#### MATERIAL PROVIDED ####

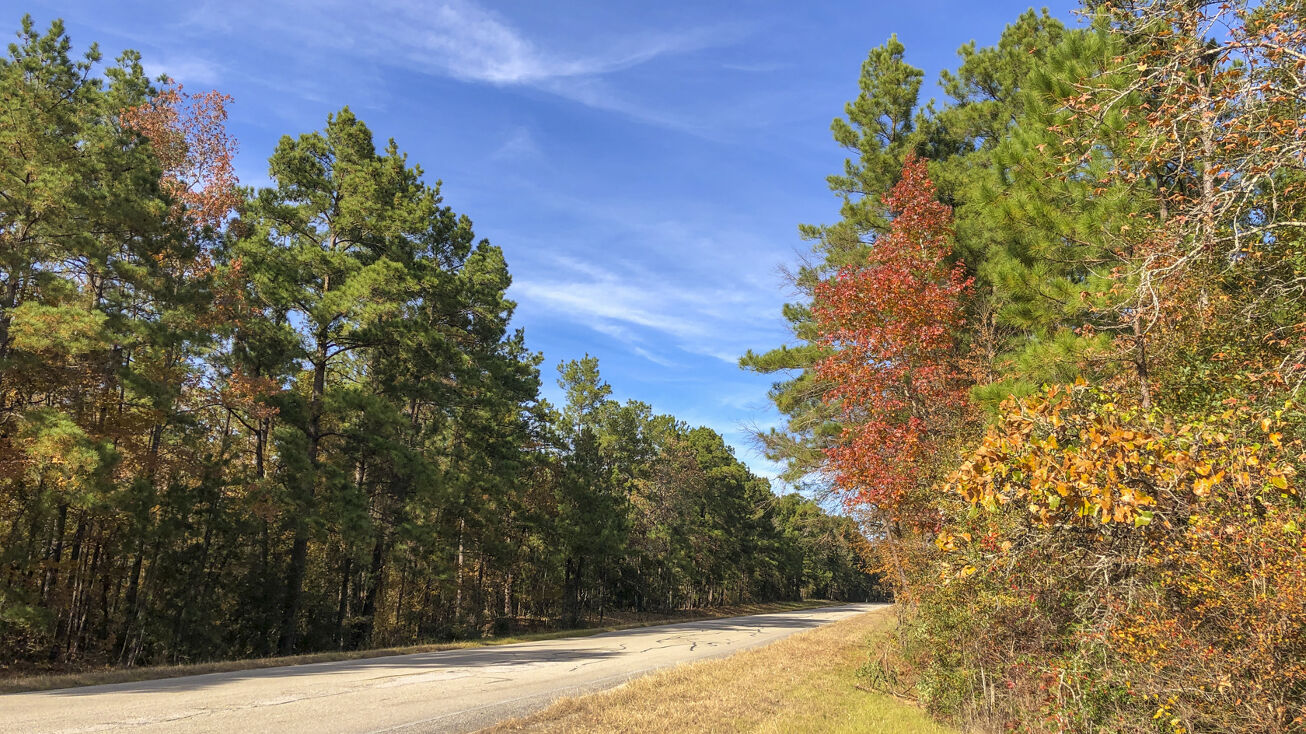 20 Acres T12B Off Waterwood Pwky, Huntsville, TX 77320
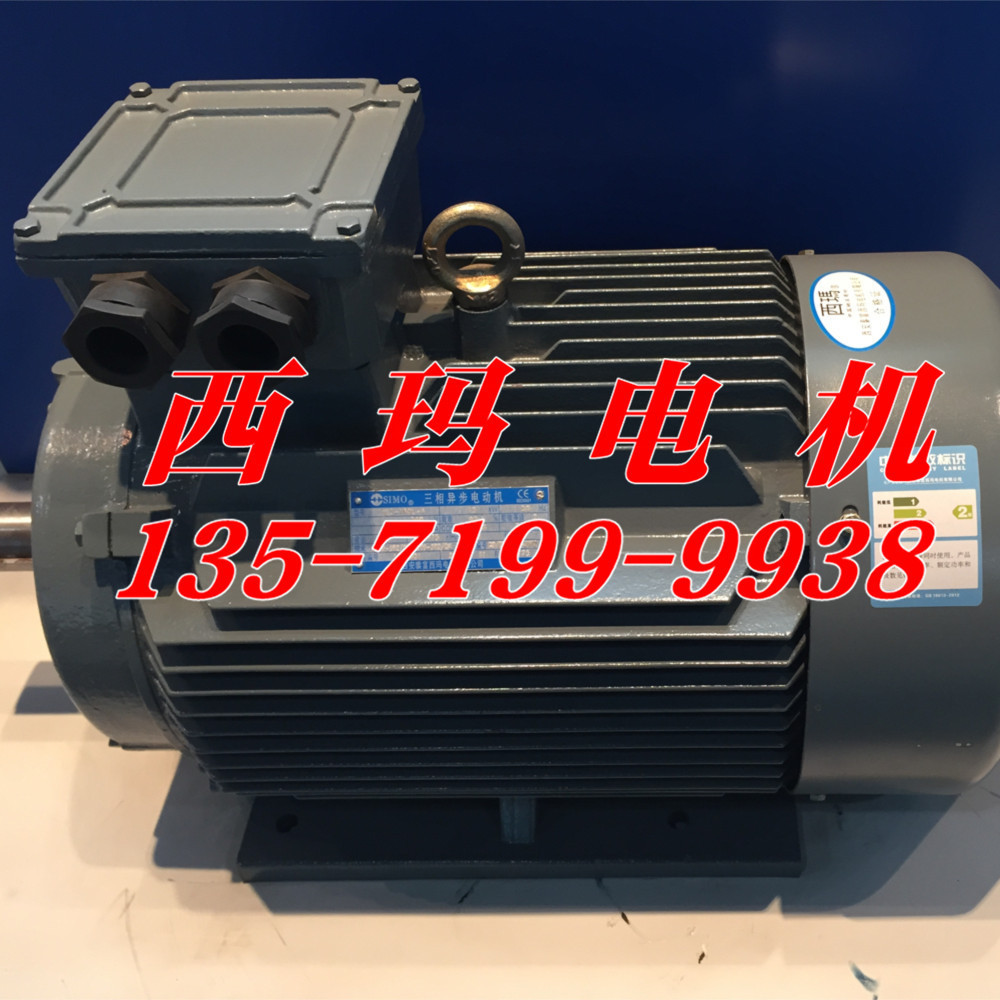 TK450-16/1430 450KW 6000V/同步高压电机
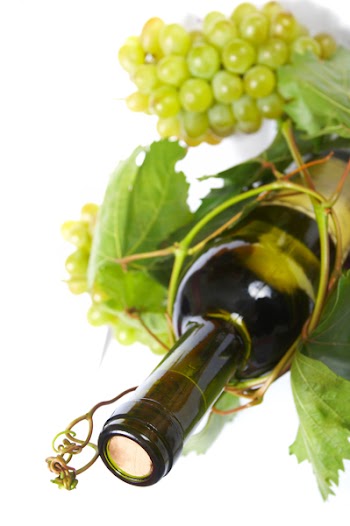 wine bottle and young grape vine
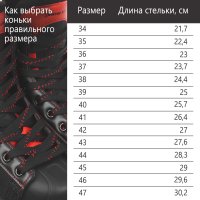 Коньки Winter Star Red Line 9667131 (р.46)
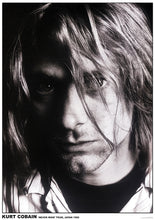 Load image into Gallery viewer, Nirvana [eu]
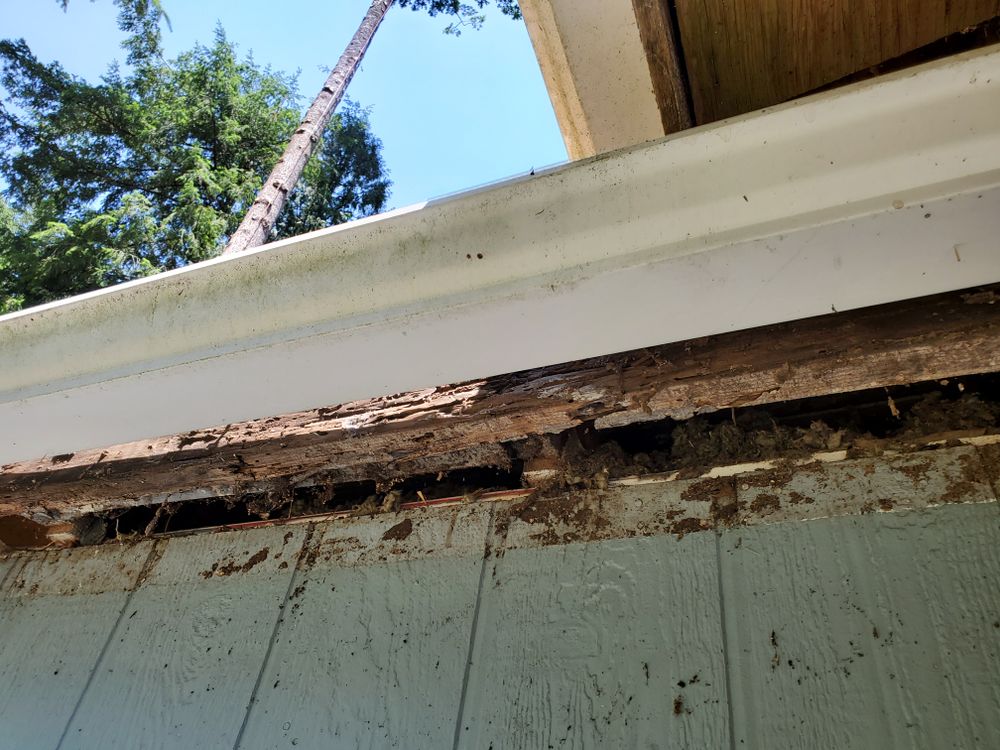 All Photos for Home Pros in Maple Falls, WA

####

### WORK ORDER
The expected answer is the listing above, duplicated exactly, with its pictures removed.

### ANSWER TO THIS TASK
 20 Acres T12B Off Waterwood Pwky, Huntsville, TX 77320
 TK450-16/1430 450KW 6000V/同步高压电机
 wine bottle and young grape vine
 Коньки Winter Star Red Line 9667131 (р.46)
 Load image into Gallery viewer, Nirvana [eu]
 All Photos for Home Pros in Maple Falls, WA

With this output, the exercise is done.